Raramente i film biografici sono ben fatti. Spesso ci restituiscono personaggi quali scrittori , o pittori ai limiti di un bozzettismo grottesco. Esemplare in tal senso la recente biografia filmica di Modigliani “ i colori dell’anima “ dove la personalità del pittore livornese era risolta negli aspetti , più piatti e corrivi . Non mi piacciono le biografie filmate, soprattutto quando dedicate a personaggi chiaramente antipatici come Truman Capote,lo scrittore americano che con “ A sangue freddo”, inventò un modo nuovo di scrivere e vinse il premio Pulitzer.

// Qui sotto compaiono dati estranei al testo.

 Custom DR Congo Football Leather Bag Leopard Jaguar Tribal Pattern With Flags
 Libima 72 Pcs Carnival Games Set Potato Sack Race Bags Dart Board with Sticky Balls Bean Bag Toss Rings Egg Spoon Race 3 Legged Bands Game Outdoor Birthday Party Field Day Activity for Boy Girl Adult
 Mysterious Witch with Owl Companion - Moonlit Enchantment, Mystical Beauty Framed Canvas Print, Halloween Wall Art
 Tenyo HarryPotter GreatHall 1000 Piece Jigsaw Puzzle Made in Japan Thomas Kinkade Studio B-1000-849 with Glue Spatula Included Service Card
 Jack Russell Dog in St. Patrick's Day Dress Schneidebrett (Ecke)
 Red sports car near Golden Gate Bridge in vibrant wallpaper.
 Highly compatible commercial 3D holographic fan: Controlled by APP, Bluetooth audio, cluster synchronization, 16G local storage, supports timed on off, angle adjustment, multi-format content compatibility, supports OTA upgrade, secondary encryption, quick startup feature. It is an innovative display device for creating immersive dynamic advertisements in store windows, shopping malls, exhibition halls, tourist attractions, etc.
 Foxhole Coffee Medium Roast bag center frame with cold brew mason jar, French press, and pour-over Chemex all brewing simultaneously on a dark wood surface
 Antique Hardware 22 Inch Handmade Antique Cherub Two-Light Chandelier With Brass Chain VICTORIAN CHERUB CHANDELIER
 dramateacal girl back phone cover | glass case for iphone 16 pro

Un personaggio ambiguo , insicuro ,pieno di tic, che ci viene restituito nel film,se si ripensa alle fotografie e ai cinegiornali dell’epoca dove appariva Capote , con le stesse pose, le stesse affettate movenze da omosessuale. Persino la stessa voce chioccia, in eterno falsetto . Il film non si ferma , per fortuna alla grandissima, «prova d’attore». di Philip Seymour Hoffman e non intende essere una sorta di biografia a tutto tondo dello scrittore .
La sceneggiatura di Dan Futterman si concentra,infatti sulla genesi di "A sangue freddo".1959, Truman Capote ritaglia dall'ultima pagina del New York Times la notizia del brutale omicidio della famiglia Cutters, facoltosi coltivatori del Kansas. La sua idea è quella di indagare le reazioni della piccola comunità agricola di fronte ad un delitto tanto efferato. L'incontro con i due criminali, Perry Smith e Dick Hickock, fa intuire a Capote le potenzialità della storia; non più un semplice articolo ma un libro innovativo, il primo "no-fiction novel", in cui usare le tecniche del romanzo per raccontare fatti reali, dove mostrare lo scontro tra due Americhe, quella sicura e protetta dei Cutters e quella violenta e amorale dei suoi assassini.Il fascino intellettuale che Capote sfodera per ingraziarsi uno dei due assassini, quello più tormentato e indifeso, diventa la cartina al tornasole di una condizione – quella dell’intellettuale – che non è così limpida e neutra come Capote forse crede.
L’osservatore, quando non è superficiale, non è mai equidistante dalle cose. Non può esserlo. Con tutto quello che questo comporta, non solo rispetto alla propria emotività, ma soprattutto rispetto a quella di chi ti sta di fronte. Intenso e coinvolgente, Capote è una riflessione sulla manipolazione in nome dell’arte e sui limiti da non superare. Una pellicola diretta dal pressoché esordiente Bennett Miller con protagonista uno straordinario Philip Seymour Hoffman capace di dare vita ad un personaggio al tempo stesso fascinoso, ma non simpatico, né tantomeno positivo.
Una figura controversa, ambiziosa, ma anche fragile nel suo rapporto di presunta amicizia con un assassino con cui sente di avere diversi punti in comune.